__STORED DATA__.
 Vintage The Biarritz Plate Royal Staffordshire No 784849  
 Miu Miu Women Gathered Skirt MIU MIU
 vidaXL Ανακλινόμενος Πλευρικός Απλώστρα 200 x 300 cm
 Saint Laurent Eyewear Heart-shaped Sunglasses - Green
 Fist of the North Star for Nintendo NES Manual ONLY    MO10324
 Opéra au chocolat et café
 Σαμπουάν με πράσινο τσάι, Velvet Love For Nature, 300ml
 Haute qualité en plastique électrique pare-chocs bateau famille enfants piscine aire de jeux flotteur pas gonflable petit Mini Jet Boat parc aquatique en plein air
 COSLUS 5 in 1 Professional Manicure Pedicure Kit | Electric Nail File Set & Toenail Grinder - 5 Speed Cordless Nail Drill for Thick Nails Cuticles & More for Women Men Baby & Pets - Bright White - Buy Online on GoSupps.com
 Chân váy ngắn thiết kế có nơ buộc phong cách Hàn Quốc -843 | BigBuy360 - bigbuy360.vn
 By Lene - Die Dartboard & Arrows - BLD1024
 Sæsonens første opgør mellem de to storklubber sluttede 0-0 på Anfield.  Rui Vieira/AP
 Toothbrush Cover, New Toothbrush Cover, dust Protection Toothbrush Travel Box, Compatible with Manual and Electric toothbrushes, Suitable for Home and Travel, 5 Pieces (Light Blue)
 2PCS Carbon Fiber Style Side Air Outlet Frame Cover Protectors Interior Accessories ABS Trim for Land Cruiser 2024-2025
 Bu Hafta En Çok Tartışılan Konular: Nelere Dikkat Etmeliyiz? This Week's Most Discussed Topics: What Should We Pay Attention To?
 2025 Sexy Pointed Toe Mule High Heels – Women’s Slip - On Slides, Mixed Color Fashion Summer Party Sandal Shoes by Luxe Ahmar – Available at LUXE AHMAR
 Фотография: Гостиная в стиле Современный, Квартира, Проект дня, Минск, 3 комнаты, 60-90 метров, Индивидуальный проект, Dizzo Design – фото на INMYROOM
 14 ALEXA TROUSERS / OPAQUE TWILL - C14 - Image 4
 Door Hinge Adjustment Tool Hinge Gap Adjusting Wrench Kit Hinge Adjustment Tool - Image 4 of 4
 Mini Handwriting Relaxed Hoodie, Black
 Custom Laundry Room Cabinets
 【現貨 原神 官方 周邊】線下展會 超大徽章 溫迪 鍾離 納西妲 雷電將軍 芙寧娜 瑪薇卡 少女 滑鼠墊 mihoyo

__REQUIRED WORK__.
Within the material above, the line with "Miu Miu Women Gathered Skirt MIU MIU" opens the range and the line with "By Lene - Die Dartboard & Arrows - BLD1024" closes it; reproduce that range word for word.

__OUTPUT FOR THIS EXERCISE__.
 Miu Miu Women Gathered Skirt MIU MIU
 vidaXL Ανακλινόμενος Πλευρικός Απλώστρα 200 x 300 cm
 Saint Laurent Eyewear Heart-shaped Sunglasses - Green
 Fist of the North Star for Nintendo NES Manual ONLY    MO10324
 Opéra au chocolat et café
 Σαμπουάν με πράσινο τσάι, Velvet Love For Nature, 300ml
 Haute qualité en plastique électrique pare-chocs bateau famille enfants piscine aire de jeux flotteur pas gonflable petit Mini Jet Boat parc aquatique en plein air
 COSLUS 5 in 1 Professional Manicure Pedicure Kit | Electric Nail File Set & Toenail Grinder - 5 Speed Cordless Nail Drill for Thick Nails Cuticles & More for Women Men Baby & Pets - Bright White - Buy Online on GoSupps.com
 Chân váy ngắn thiết kế có nơ buộc phong cách Hàn Quốc -843 | BigBuy360 - bigbuy360.vn
 By Lene - Die Dartboard & Arrows - BLD1024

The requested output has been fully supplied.